Felines use ears, eyes, whiskers, mouth, vocals, paws, tails, legs and body to communicate. Cats can often be very subtle but familiarizing yourself with these actions can help you understand your feline friend.
Ears have a very wide range of motion. An alert or focused cat may have their ears facing directly forward where a more relaxed cat will hold their ears forward and slightly outward. An uncomfortable cat may have their ears to the side, back and/or flattened.
Eyes can take on a variety of shapes. A relaxed cat may have an almond shaped eye and appear squinty. When afraid or aroused, the shape takes on a more rounded appearance. Pupils “talk” as well. Rounded pupils are associated with fear, oblong with aggression and slightly off-round with a relaxed state. The size of these shaped pupils can indicate the intensity of emotion.
Gaze direction is important. Feral or under socialized cats usually lock their gaze without moving any other part of their body. They may also do this and then break eye contact. Socialized but fearful cats may display similar actions but will usually move another part of their body. A long and slow blink may indicate that the cat wants attention but it must be paired with other positive signals.
Whiskers can indicate the level of arousal. Low and droopy often means a low level of arousal. High and pushed forward means a high level of arousal. Some exceptions may apply. For example, when upset a cat’s whiskers may pull back prior to a bite.
The mouth position can be relaxed, open, have exposed teeth (with a wrinkled nose when hissing), panting, lip licking, clamped shut, etc.
Cats can vocalize in tons of different ways!

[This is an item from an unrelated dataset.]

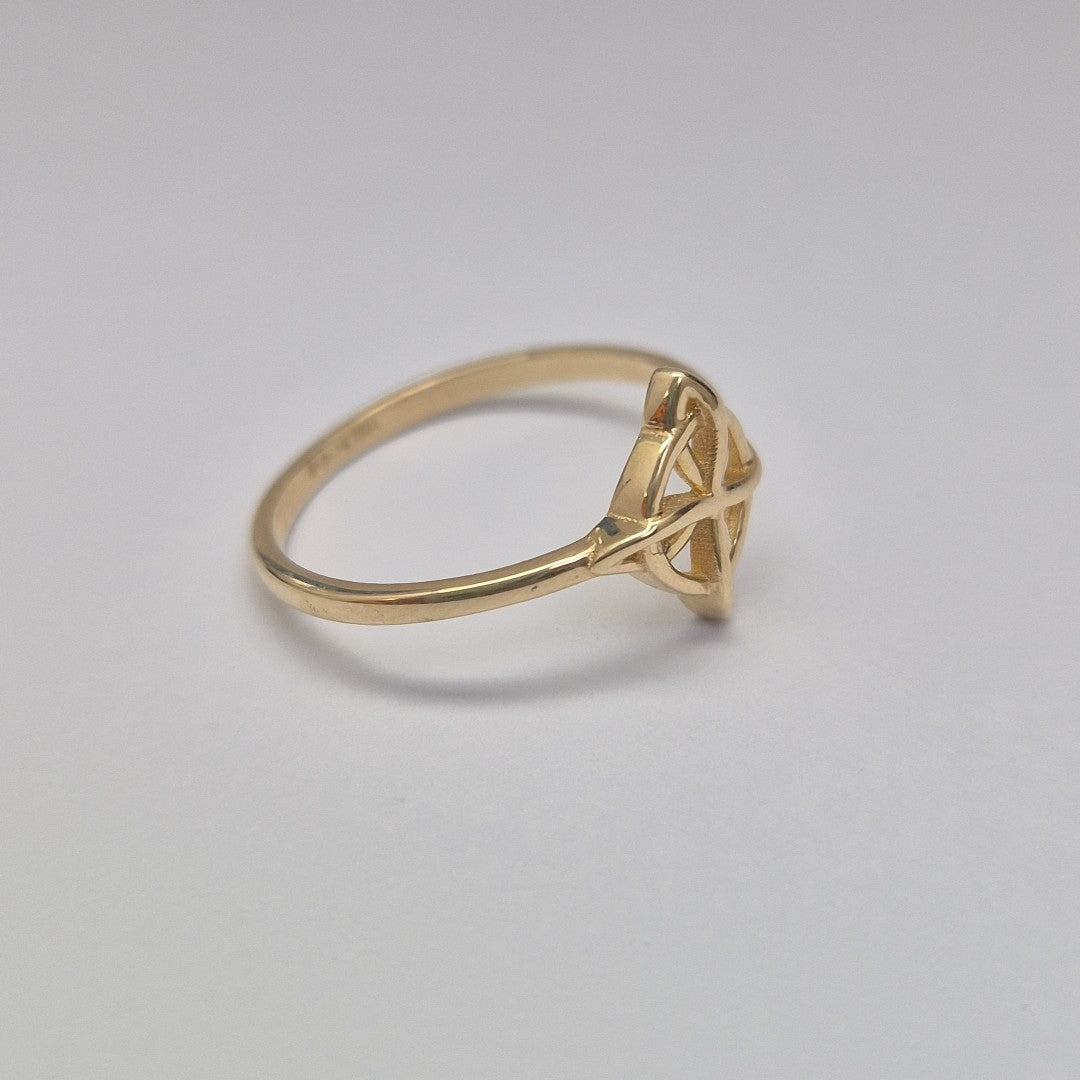 ANILLOS DAMA ORO 14K 1.2 (NUEVO)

The traditional “meow” greeting can have a wide range of meanings from announcing their presence to soliciting attention or seeking something desirable. The “purr” is usually one of contentment however some cats will purr under stress. The “chip” is a greeting or in some cases a mother’s call to her kittens. The “Chatter” is one of excitement, predatory arousal, anticipation and/or frustration. The “hiss”, “growl”, “yowl” and “spit” are offensive and defensive aggression sounds.
Paws indicate many different emotions. The most commonly identified is “kneading”. Kneading is a sign of contentment, originating from kitten hood. “Scratching” is necessary for proper nail growth, stretching muscles and can also be used for scent marking and visual marking. The position of paws can range from exposed (relaxed) to tucked under their body (tense).

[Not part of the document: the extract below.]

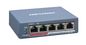 Hikvision Switch PoE 4 puertos Fast Ethernet Smart gestionable
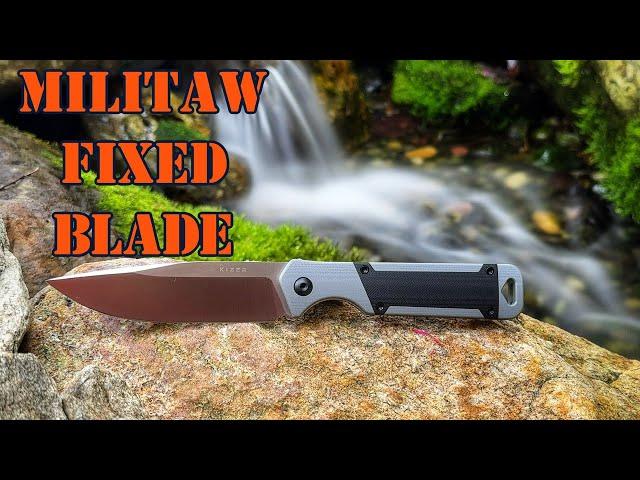 Amazon EXCLUSIVE Kizer Militaw Fixed Blade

Tails can vary in position and movement and can be very useful as a signaling device. Generally, the faster the tail moves, the higher the arousal level. A straight up tail is a greeting. A cat that is interested or mildly annoyed may “twitch” their tail but if extremely upset or excited may “lash” instead. Tail “quivering” may be from a higher level of excitement or scent marking. “Wrapping” the tail around the body as well pulling it between the legs can sometimes mean fear. The tail height and composition are important to notice.
Overall body postures signal feelings too. A cat that is aroused/upset may make their body appear larger by raising hair their hair, body and a paw. Ears may be back and pupils dilated. A cat that makes their body appear smaller may be fearful and/or submissive. Tense and fearful cats may wrap their tails around their bodies, shift eyes side to side with dilated pupils and crouch. During a defensive threat, cats may roll part way onto their side to allow them access to their paws and mouth, while exposing their teeth, ears are flat with large pupils. Always assess the body tension.
Other actions may include “rolling”, “grooming”, “bunting”, and “feigned sleep”. Rolling over can be considered friendly, however females in heat will display this behavior as well. Never pet a cat’s belly unless you know the cat enjoys it. When out of context, grooming can be a displacement behavior. Bunting, also known as head butting is a friendly behavior that also involves scent gland sharing. When under extreme stress, cats may feign sleep but keep their bodies tense. Feet are kept tucked under and eyes look “sleepy.”
Remember, all body language must be considered within the context of the situation. In order to get a good reading, look at all the behavior as a whole.